お盆だから三部屋も取れるかなと心配だったが無事確保。

湯舟沢温泉旅館。地元民なら誰でも知っており、祖父母世代にとっては気軽に出かける湯治場だった。
駐車場の近くから山に向かって分け入る道。

誰しもが想像するまんまの田舎の夏休みが見える玄関。

部屋は二階。

廊下の片隅にあった洗面台。



こちらは両親の部屋。
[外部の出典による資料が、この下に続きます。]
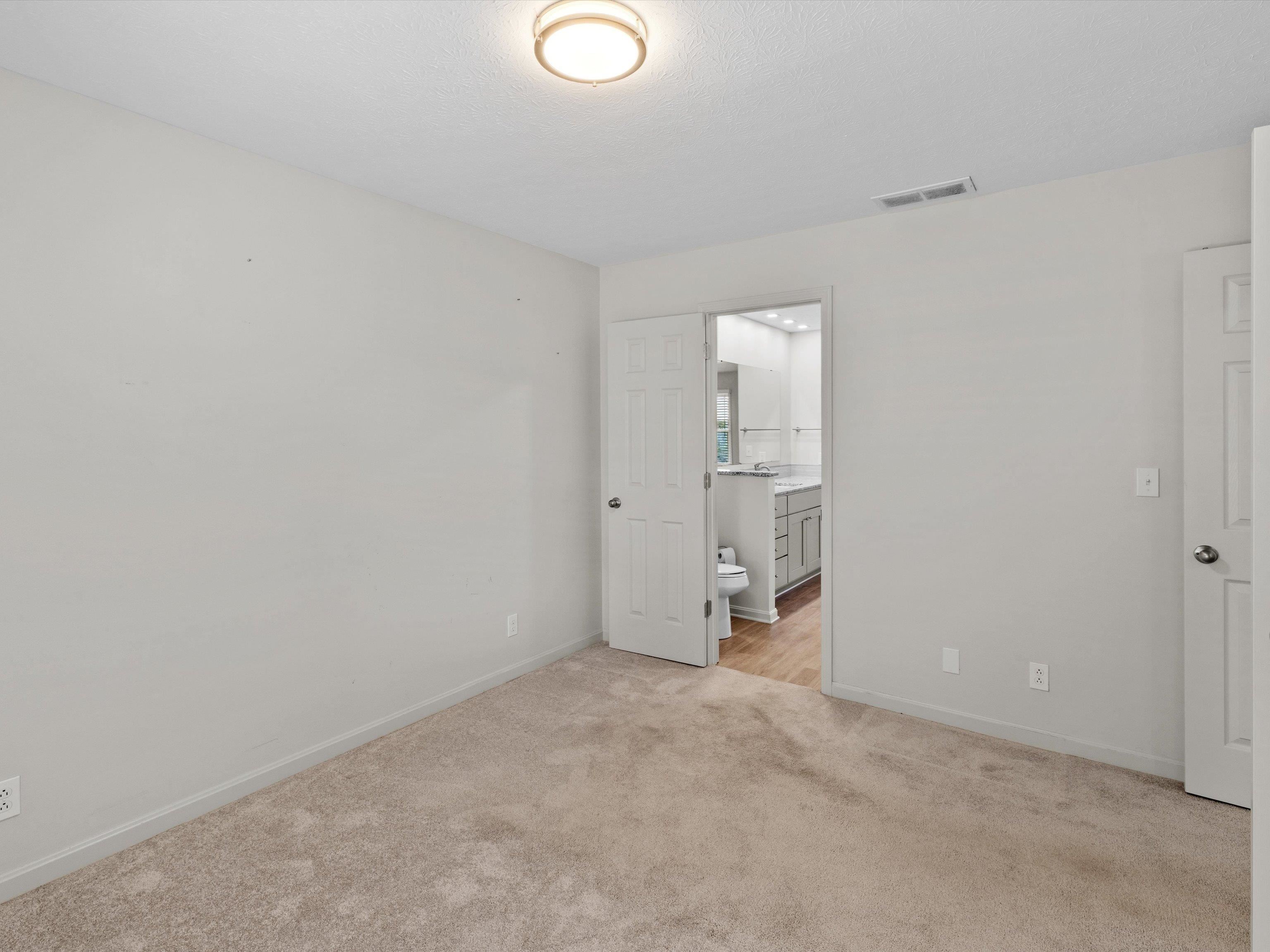 2127 Augusta Dr Unit C, Henderson, Kentucky 42420, 2 Bedrooms Bedrooms, ,1 BathroomBathrooms,Condominium,For Sale,Augusta Dr Unit C,93278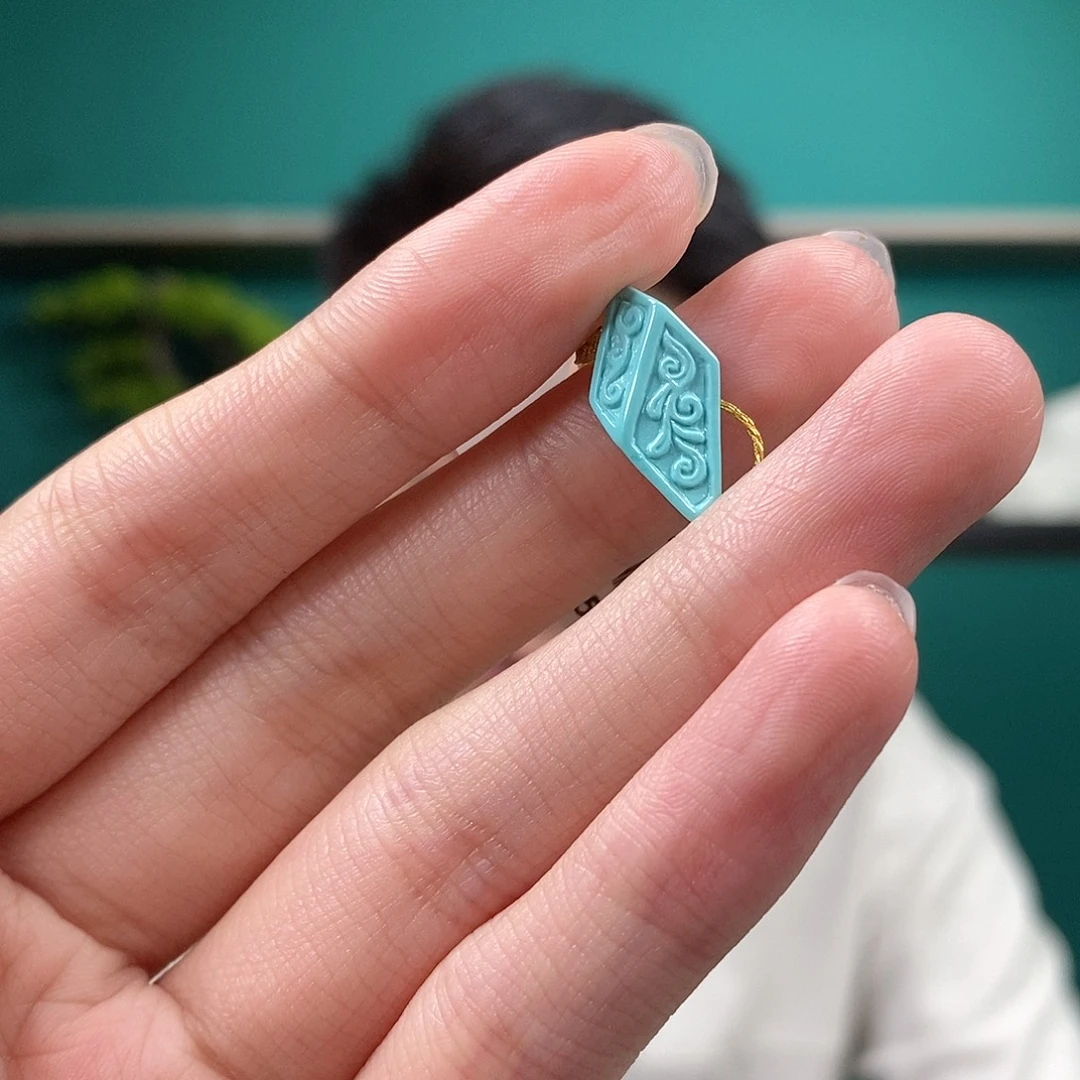 未镶嵌绿松石珠宝奇石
実家のような安心感。

子供たち二家族は和室と洋室のコネクティングルームだった。

廊下にオルガン。

一階の屋根がトタンなので気づかなかった。二階の屋根は茅葺だった。

さっそくお風呂をいただいた。

夕飯は大好物鯉料理が中心と聞いて楽しみにしていた。こちらは子供の頃から大好きだった鯉の甘煮。冠婚葬祭の仕出し料理に必ず入っている。鯉は小骨、しかもYの字みたいな骨が多くて大変だが、骨にさえ気をつければ甘くて美味しい。山形の鯉はちゃんときれいな水で飼われているからまったく泥臭くない。

こちらは鯉の唐揚げだそうだ。初めていただいた。

地元のお酒だけれど滅多に買うことができない十四代をいただいた。

芋煮もまた郷土料理。牛肉に醤油味の山形県内陸地方版。

鯉の洗いも大好物である。

この後デザートにと大量のスイカもいただいた。
一泊二食つきで、しかもお盆。信じられないようなリーズナブルなお値段で申し訳ない。もっと値上げしても全然問題ない。
翌朝。

お宿の周囲を歩いてみた。8月の暑い盛りとは思えない爽やかさ。


お宿全景。

道から遥か遠くに小さな鳥居が見える。山ノ神さんの神社らしい。



麓が見える。麓というか、ここはそんなに高い山の中ではない。すぐ下の集落ではなく、最上川を挟んだ向こう側の地区が見えるのだ。





朝食のお声掛けをいただいた。

健康的な旅館の朝ごはん。

大変お世話になりました。
この時自分たちファミリーの他にもう一組の宿泊客がいて、同じ大部屋での食事だった。衝立などないのでお顔も見えてしまうしお話も聞こえてしまうのだが、おらが町が排出した数少ない全国区の著名人の方だった。声を掛けるなんて無粋なことはしなかったが、都会で成功しても、都会の方らしい方たちと一緒にこうして地元の隠れ家然としたお宿にいらっしゃるんだなと静かに感動した。